Gleichzeitig verkündete Netanjahu, außer der Verschiebung der Reform „breiten Konsens“ erreichen zu wollen. Er sprach davon, „einen Bürgerkrieg durch Dialog“ vermeiden zu wollen. Die Angst vor länger andauernden und heftigeren Protesten scheint groß. Was aus der Hoffnung wird, sich durch die Verschiebung der Diskussionen im Parlament Zeit verschafft zu haben, bleibt abzuwarten – allerdings wurden weitere Streiks der Gewerkschaften bereits abgesagt.
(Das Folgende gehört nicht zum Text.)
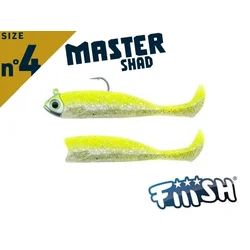 Fiiish Master Shad Combo Light 100mm/8g Neon Chart + Body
Eines der Gesetze der verschobenen Justizreform wurde allerdings noch vor Netanjahus Ankündigung durch den Verfassungsausschuss des Parlaments gebracht und könnte so noch vor den Ferien beschlossen werden. Dieses Gesetz würde es der Regierungskoalition unter anderem erlauben, zwei der Richter:innen des Obersten Gerichtshof allein zu bestimmen.